● PROVIDED DATA:

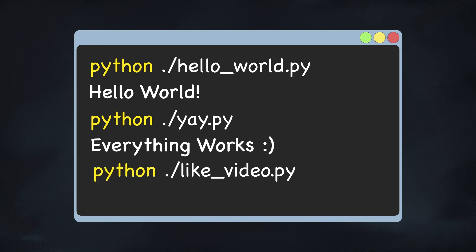If this is what you're looking for, please hit that like button. It only takes a second and really helps the channel.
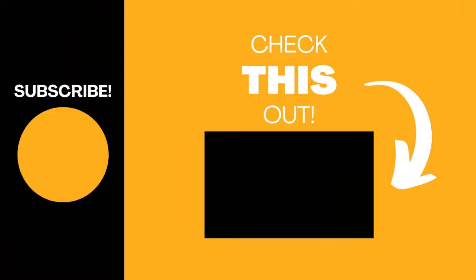Hopefully you found this video useful. If so, please like the video, subscribe to my channel for more top tech tips.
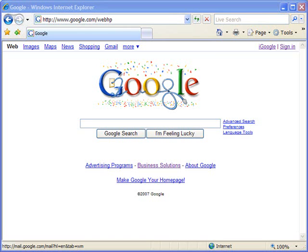All the web pages that you see in your browser are essentially saved to your hard drive in one way, shape or form anyway before they're rendered in your browser. So it stands to reason that most of the content that you see on the web is fairly easy for you to snag and save to your hard drive if you so choose.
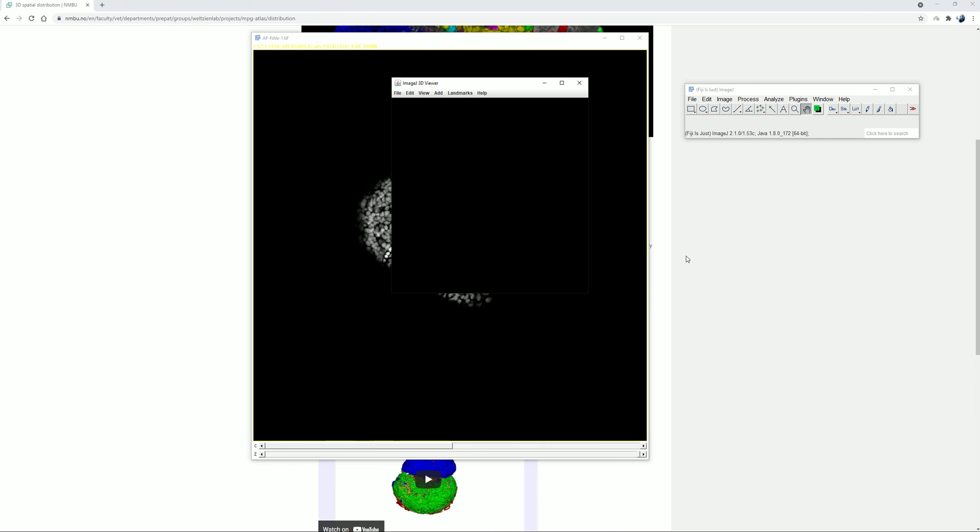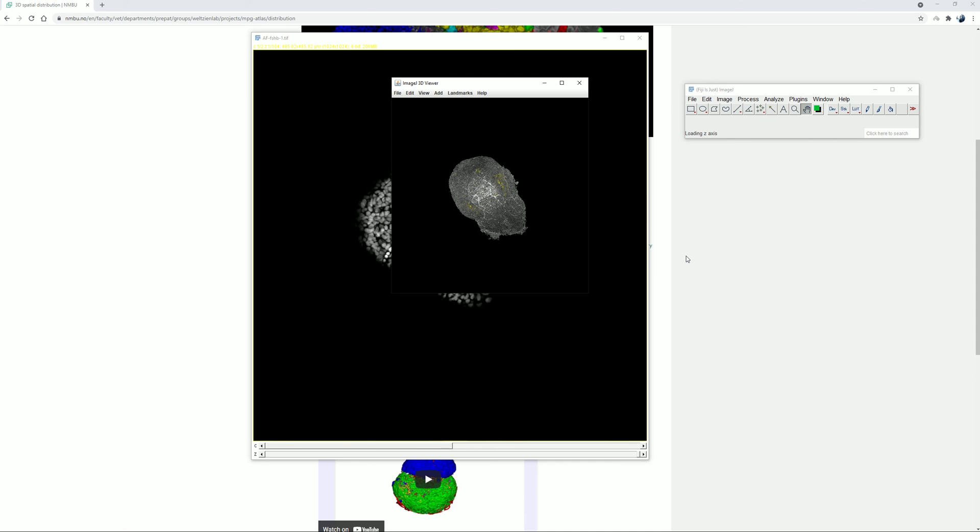It will take a couple of seconds before the 3D model pops up. Now, we can navigate this 3D model by left clicking and holding the mouse button a little bit far from the 3D model, while moving it to the orientation that we prefer.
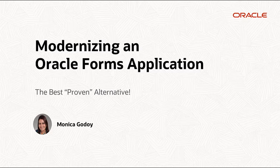Hi everyone, my name is Monica Godoy and I am on the Oracle Apex team. I'm going to show you how to modernize a sample Oracle Forms application using Oracle Apex.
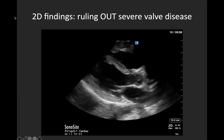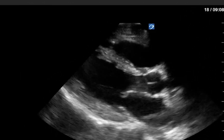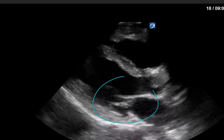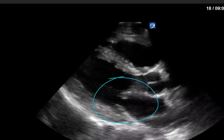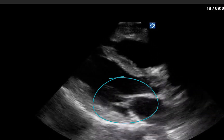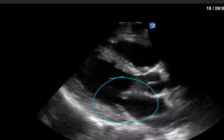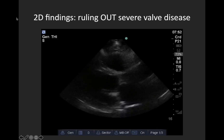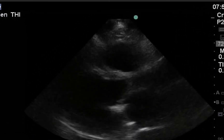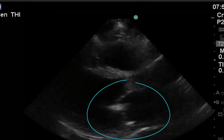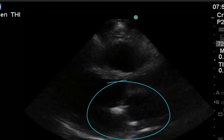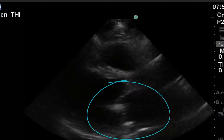Here again we're back to our normal parasternal long axis view, this time to focus your attention on the mitral valve — note thin, pliable leaflets that are opening nicely. In contrast, in this clip, although the gain is a bit dark, we see hyperechoic thickened mitral leaflets with really minimal opening, concerning for mitral stenosis.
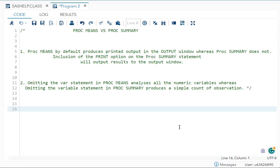Hello everyone, welcome back to my channel. In today's video, I'll be talking about one very important interview question: What is the difference between PROC MEANS and PROC SUMMARY? There are two main differences between these two. Let's begin.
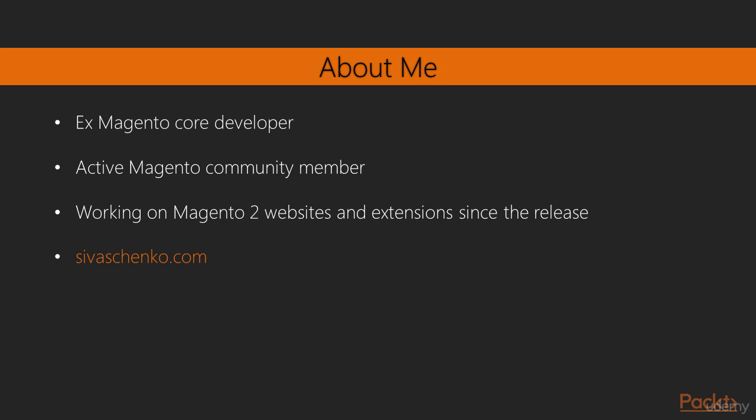Since the very first release of Magento 2 framework, I was working on Magento 2 websites and extensions.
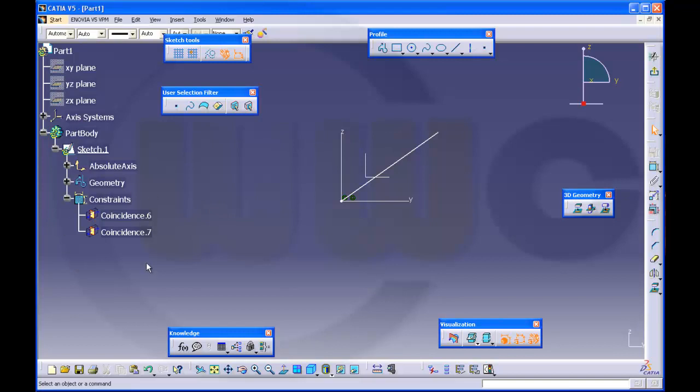So, if you want to make your sketch isoconstrained or fully constrained, you may get problems, because there are some constraints which are not shown, but which still exist. A constraint which is not shown cannot be selected, and therefore cannot be deleted.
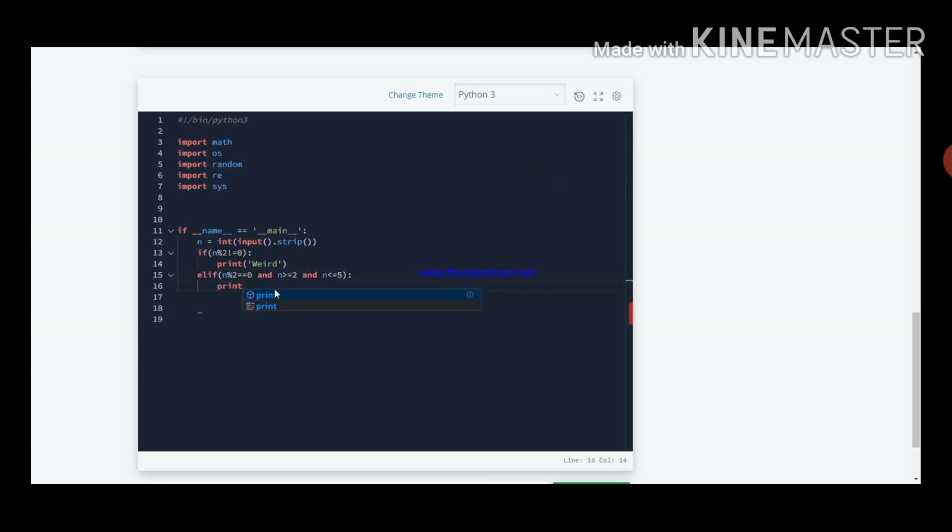In that elif condition, we wrote print not weird.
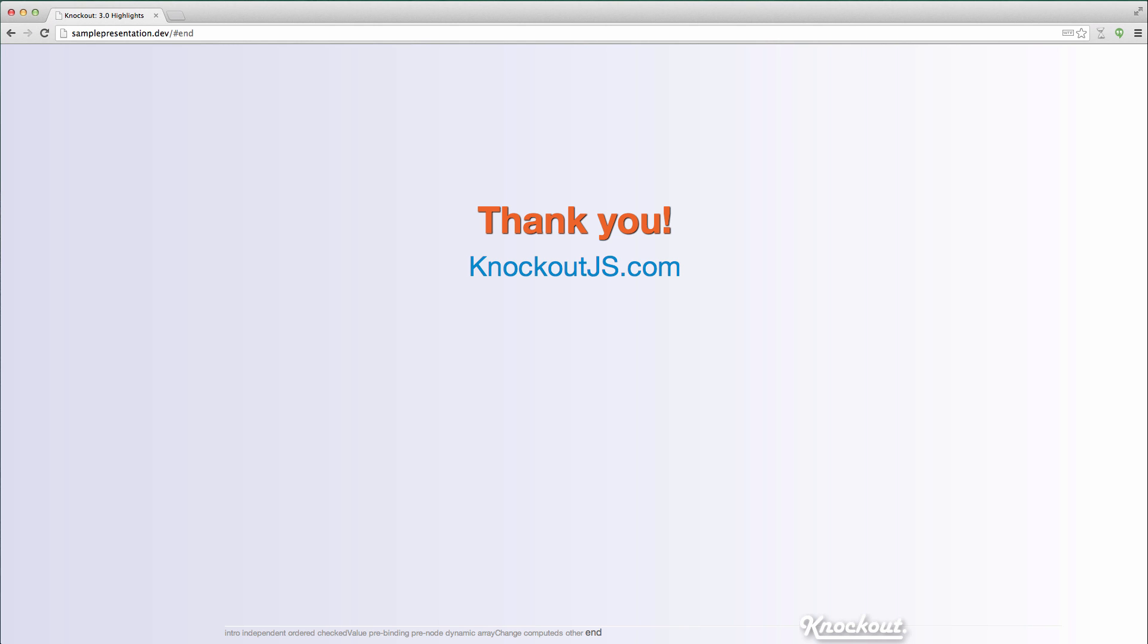So thank you. That's a quick tour of Knockout 3.0. Visit knockoutjs.com and the GitHub site for more information. Thank you.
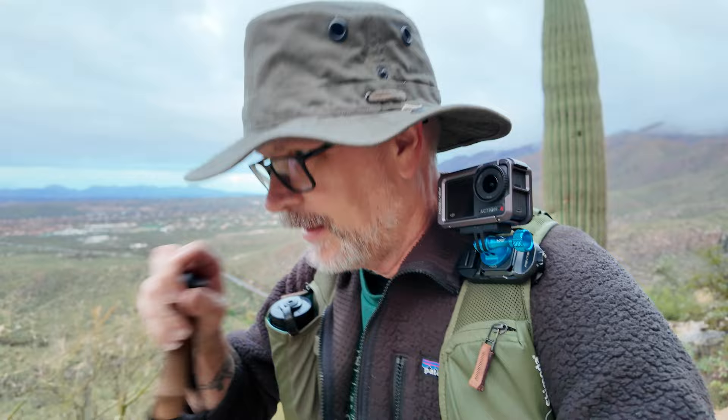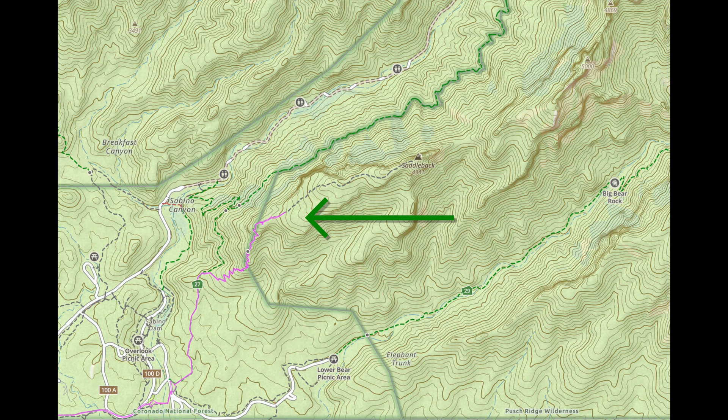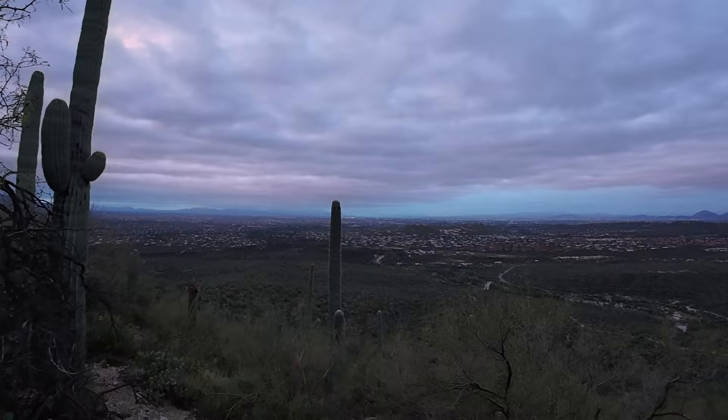I'm out here in the Tucson desert, essentially the foothills of the Catalinas, an area called Sabino Canyon, and I am currently out of breath making my way up to a ridge where I hope to demonstrate some panorama photography. I'll talk about why you'd want to do it, some tips on how to do it, and just sort of walk through the process.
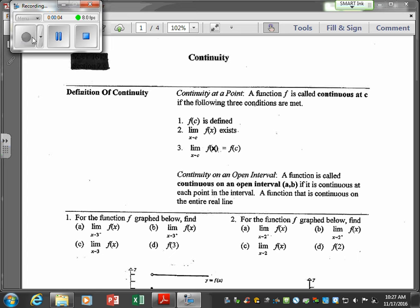Today we're going to talk about continuity — continuity at a particular point. A function is continuous at C if the following three conditions are met: f of C is defined, the limit of f of x as x approaches C exists, and these two are equal to one another. It's continuous on an open interval (a, b) if it's continuous at each point on the interval.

● YOUR GOAL:
Print, word for word, the lines above that run from the line containing "Hello everyone, welcome" to the line containing "In that elif", both included. Keep the pictures out.

● EXERCISE RESPONSE:
Hello everyone, welcome back to my channel. In today's video, I'll be talking about one very important interview question: What is the difference between PROC MEANS and PROC SUMMARY? There are two main differences between these two. Let's begin.
Since the very first release of Magento 2 framework, I was working on Magento 2 websites and extensions.
So, if you want to make your sketch isoconstrained or fully constrained, you may get problems, because there are some constraints which are not shown, but which still exist. A constraint which is not shown cannot be selected, and therefore cannot be deleted.
In that elif condition, we wrote print not weird.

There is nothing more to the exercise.